Speed may be the single greatest advantage to arbitration over litigation. Stories of crowded court dockets are legion, and it is not unusual for a dispute to languish in court for years. Although arbitrations can be slowed where they involve multiple parties or cross-border disputes, more often than not they will be resolved more quickly than a dispute filed in court. That hastens finality and it enables the litigants to spend less time litigating, and more time running their businesses.
Most lawyers now recognize that arbitration is not necessarily less expensive than litigation; instead, the opposite may be true. Not only is the cost of instituting arbitration more expensive than filing a complaint in court, the parties also must pay the fees of the private arbitration panel, which can include as many as three high-priced lawyers or retired judges. Thus, in a low-dollar dispute, arbitration may be financially impractical. That being said, the real cost savings in arbitration lies in the likelihood that an arbitrator will be less inclined than a judge to entertain extensive discovery and motions practice, both of which frequently drive the fees and costs of litigation. Thus, when there is a concern that the cost of discovery might outstrip the value of the case, arbitration may be a better alternative.
3. Ongoing relationships
By design, the arbitration process tends to be less formal and more collegial than traditional courtroom litigation, which tends to be more adversarial in nature. This may not matter when litigants have no continuing relationship, but when there is an ongoing business relationship that the parties may wish to preserve, arbitration may be more conducive to success.
One of the most compelling advantages of arbitration is the ability to keep the dispute—and its resolution—under wraps. In arbitration, there is no public hearing and, thus, no public record. The parties may agree as part of their pre-dispute arbitration clause that they will maintain such disputes in confidence. This can provide terrific value to a company that would prefer to avoid publicity, or a dispute that is likely to involve commercially sensitive matters.
If you’re still leaning toward arbitration, consider one final question: On what basis do you want your dispute to be decided? In a courtroom, the judge is constrained by the law as it is reflected in statutes and prior decisions, and the trial will be governed by the rules of evidence.
In contrast, arbitrators are not constrained by statutes or case law, nor are the proceedings before them governed by the rules of evidence; instead, they have much greater flexibility to consider whatever evidence they want (including evidence that would be excluded in a trial) and then reach a decision that they perceive to be equitable, even if it is not precisely consistent with the law.
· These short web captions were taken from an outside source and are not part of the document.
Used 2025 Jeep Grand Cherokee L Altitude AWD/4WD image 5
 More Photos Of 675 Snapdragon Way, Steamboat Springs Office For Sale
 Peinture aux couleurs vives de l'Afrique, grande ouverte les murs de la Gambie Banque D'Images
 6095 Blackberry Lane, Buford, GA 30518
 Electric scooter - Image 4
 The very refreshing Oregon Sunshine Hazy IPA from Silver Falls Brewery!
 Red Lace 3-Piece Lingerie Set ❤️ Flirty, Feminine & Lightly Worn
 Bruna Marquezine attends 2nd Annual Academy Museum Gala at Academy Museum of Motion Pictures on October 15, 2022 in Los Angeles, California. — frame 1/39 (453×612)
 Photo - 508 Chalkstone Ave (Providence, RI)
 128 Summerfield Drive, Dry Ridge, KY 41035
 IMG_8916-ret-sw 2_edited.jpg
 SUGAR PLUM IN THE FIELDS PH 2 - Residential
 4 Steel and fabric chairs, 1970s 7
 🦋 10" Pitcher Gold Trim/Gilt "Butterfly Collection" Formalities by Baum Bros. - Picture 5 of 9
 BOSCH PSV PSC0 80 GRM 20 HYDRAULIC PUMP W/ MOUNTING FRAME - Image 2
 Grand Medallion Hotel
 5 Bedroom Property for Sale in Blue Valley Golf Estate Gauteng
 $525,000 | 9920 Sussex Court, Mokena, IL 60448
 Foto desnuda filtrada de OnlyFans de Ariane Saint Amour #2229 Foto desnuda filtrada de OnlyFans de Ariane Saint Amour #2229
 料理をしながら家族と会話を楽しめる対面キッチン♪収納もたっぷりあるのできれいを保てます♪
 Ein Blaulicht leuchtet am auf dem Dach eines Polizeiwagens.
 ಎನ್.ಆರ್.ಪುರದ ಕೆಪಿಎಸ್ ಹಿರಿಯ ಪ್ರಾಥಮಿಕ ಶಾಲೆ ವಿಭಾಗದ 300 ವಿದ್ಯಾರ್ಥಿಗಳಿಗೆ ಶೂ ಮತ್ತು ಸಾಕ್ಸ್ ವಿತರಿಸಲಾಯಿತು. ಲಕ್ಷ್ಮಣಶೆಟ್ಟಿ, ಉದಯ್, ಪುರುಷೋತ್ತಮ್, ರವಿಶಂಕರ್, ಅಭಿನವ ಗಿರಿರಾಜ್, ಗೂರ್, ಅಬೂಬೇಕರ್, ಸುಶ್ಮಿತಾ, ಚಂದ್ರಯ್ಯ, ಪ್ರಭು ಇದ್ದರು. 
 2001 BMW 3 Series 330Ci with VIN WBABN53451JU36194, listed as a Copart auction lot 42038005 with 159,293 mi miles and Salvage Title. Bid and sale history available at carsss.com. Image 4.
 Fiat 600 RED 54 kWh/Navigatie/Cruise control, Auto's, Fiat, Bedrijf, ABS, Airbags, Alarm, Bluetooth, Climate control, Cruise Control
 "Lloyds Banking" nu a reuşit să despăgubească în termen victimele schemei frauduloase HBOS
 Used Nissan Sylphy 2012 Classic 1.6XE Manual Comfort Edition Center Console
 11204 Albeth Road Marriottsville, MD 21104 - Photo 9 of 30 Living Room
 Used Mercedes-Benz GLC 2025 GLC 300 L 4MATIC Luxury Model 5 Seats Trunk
While this may work to your advantage, it may also generate substantial uncertainty about the process, and most business owners would prefer to avoid uncertainty.
On a related note, arbitration avoids the risk of a “run-away jury” and it minimizes exposure to punitive damages.
Consider whether technical competence is likely to be important to understanding the issues in dispute. If you proceed in court, it is conceivable that the judge will have no substantive expertise in your industry, and that may limit the court’s ability to evaluate the evidence. In arbitration, however, you will have the ability to select an arbitrator with subject-matter expertise. While that may not matter in most cases, it is not difficult to appreciate why many construction disputes are resolved through arbitration instead of litigation.
The right to appeal the decision of the trial court should not be overlooked. Although trial court verdicts are not casually reversed, judges do make mistakes and the ability to request a “second look” by an appellate panel is an important procedural safeguard. In arbitration, however, the arbitrator’s decision generally is not subject to appeal.
The foregoing is not an exhaustive list of factors to consider, and there is no one-size-fits-all answer to the question. This should, however, get you started asking (and answering) the right questions.